The largest and probably most famous of the Canary Islands, Tenerife was the starting point for Columbus’s long journey across the Atlantic to search for a better route to India.
We always like to get the lay of the land when we visit a new location and selected a tour from our ship, the Regent Seven Seas Explorer, that would cover a lot of territory. Known for its beaches, we did see one, Playa del Teresitas. (Famous, but still, in my opinion, no comparison to our Florida beaches).
From the beach, we traveled north into the Anaga Mountains and the Mercedes Forest. This volcanic island is not as lush as Santa Cruz de las Palmas, but definitely gets props for dramatic vistas. It is also beautiful. Tenerife can claim the largest volcano in The Canaries, El Teide, more than 12,000’ high. We drove up to El Pico Del Ingles, at more than 3,200’ to get a good panoramic view and had some clouds roll in just at the moment we arrived.
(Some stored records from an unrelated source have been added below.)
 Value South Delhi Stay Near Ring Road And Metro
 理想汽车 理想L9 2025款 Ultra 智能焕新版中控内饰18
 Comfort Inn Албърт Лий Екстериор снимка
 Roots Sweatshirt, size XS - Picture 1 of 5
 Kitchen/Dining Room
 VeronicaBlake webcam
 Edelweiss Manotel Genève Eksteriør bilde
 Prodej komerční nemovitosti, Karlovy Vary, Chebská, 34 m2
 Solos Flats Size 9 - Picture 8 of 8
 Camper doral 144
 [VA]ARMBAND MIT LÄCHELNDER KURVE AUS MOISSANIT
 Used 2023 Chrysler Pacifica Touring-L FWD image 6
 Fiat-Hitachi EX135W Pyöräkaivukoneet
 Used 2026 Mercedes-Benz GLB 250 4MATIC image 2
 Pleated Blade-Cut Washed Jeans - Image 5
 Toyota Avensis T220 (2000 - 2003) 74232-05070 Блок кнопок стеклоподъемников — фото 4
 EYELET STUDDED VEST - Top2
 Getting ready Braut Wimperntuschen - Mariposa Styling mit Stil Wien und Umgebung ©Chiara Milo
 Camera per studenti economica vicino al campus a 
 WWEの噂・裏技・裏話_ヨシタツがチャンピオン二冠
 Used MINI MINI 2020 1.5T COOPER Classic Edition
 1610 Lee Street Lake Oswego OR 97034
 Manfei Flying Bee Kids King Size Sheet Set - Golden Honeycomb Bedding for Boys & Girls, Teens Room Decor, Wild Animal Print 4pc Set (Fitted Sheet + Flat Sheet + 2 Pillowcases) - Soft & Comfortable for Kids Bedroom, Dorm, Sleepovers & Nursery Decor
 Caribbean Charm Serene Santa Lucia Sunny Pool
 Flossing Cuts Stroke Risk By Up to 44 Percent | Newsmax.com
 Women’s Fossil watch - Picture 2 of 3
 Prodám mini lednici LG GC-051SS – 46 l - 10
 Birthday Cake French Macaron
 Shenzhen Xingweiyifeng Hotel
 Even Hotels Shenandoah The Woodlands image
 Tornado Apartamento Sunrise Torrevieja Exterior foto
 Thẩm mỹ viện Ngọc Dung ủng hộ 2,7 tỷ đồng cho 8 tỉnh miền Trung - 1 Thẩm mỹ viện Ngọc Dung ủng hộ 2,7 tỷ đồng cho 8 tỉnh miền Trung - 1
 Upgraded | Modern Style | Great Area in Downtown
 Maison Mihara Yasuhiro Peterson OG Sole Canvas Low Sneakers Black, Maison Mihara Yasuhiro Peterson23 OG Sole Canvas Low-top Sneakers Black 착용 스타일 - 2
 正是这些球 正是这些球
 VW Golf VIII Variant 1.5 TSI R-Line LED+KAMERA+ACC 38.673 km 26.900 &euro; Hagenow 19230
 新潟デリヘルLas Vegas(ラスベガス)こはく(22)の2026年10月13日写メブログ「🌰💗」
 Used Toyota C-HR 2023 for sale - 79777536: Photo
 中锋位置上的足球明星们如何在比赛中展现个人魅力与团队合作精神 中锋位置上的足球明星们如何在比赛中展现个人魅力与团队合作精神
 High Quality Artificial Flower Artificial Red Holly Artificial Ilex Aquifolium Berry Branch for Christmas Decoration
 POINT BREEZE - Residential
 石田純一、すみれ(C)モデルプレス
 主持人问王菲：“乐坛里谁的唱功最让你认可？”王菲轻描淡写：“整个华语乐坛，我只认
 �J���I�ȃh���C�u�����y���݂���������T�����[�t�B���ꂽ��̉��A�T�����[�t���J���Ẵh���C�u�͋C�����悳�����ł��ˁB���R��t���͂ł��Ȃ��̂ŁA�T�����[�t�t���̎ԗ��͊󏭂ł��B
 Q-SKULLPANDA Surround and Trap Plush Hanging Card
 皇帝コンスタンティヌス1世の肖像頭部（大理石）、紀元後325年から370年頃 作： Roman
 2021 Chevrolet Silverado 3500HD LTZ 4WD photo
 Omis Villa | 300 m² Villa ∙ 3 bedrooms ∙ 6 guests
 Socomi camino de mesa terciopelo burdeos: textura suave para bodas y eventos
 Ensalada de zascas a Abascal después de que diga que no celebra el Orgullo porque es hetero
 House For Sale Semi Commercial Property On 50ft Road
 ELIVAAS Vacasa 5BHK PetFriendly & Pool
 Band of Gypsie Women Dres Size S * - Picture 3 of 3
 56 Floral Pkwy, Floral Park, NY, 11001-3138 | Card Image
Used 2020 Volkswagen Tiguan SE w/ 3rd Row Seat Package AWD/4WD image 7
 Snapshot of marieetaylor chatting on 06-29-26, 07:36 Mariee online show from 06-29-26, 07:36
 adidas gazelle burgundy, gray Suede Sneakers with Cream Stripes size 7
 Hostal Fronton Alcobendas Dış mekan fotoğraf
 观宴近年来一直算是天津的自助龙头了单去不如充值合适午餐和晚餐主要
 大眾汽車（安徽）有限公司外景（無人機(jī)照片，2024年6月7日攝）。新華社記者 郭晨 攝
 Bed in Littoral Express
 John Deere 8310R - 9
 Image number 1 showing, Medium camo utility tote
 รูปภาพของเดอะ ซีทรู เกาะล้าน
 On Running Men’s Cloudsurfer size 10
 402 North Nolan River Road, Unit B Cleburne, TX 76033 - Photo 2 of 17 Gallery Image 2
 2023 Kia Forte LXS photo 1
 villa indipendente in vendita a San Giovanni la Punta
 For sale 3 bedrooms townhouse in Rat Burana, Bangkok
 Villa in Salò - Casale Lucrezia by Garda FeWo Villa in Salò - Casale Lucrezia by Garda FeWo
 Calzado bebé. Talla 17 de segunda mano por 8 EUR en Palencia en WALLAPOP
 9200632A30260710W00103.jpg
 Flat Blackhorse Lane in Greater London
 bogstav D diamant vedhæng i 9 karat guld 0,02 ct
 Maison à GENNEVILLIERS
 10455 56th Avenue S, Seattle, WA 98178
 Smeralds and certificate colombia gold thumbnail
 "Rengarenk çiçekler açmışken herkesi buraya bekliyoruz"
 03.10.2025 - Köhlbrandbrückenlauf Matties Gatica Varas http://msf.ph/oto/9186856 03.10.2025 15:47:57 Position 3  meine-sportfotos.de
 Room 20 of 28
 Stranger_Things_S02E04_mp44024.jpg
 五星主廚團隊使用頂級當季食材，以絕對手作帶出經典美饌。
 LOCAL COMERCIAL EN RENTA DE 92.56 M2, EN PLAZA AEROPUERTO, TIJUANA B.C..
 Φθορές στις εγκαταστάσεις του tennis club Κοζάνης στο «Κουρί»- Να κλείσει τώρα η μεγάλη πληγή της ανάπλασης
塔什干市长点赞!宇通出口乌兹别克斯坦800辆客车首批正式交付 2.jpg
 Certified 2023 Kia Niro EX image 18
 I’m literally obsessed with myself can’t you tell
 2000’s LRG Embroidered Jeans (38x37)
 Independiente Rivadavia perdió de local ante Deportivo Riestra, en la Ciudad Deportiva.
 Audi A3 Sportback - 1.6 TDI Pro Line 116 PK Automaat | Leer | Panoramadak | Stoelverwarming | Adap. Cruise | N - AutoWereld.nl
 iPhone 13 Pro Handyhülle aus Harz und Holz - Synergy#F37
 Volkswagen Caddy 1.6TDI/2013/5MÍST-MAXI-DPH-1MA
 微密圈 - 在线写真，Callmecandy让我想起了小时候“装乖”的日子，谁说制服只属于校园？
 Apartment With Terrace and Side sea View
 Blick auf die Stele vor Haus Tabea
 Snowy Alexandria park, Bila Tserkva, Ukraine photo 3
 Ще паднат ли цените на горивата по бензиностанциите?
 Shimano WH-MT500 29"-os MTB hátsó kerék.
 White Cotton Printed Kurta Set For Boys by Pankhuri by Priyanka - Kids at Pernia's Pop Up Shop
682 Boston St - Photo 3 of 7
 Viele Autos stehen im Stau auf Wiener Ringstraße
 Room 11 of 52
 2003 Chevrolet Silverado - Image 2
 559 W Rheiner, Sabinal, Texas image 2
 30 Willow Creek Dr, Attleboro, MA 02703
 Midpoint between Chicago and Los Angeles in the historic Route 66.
Actually, I thought the clouds rolling through enhanced the experience; you could still get a good idea about the majesty of this volcanic island.
Driving into the interior, we visited San Cristóbal de La Laguna, the original capital and a UNESCO World Heritage Site. Founded in 1496, it is a charming town with a nice emphasis on preservation. Walking from the Ayunmiento to the Plaza de la Concepción we enjoyed the town’s shops, cafes, plazas, historic buildings, and mansions. We even did a little shopping. We definitely could have spent more time here.
As we headed back to the port, we made a stop at an Aloe Museum. Aloe is obviously big business here and not unfamiliar to those of us who live in South Florida. The short visit was more than enough for us.
Santa Cruz, the capital, is a very contemporary city and its most famous landmark is the auditorium designed by Spanish architect Santiago Calatrava. What do you think it looks like?
I thought it resembled a conquistador’s helmet, but maybe my location inspired thoughts of those ancient explorers.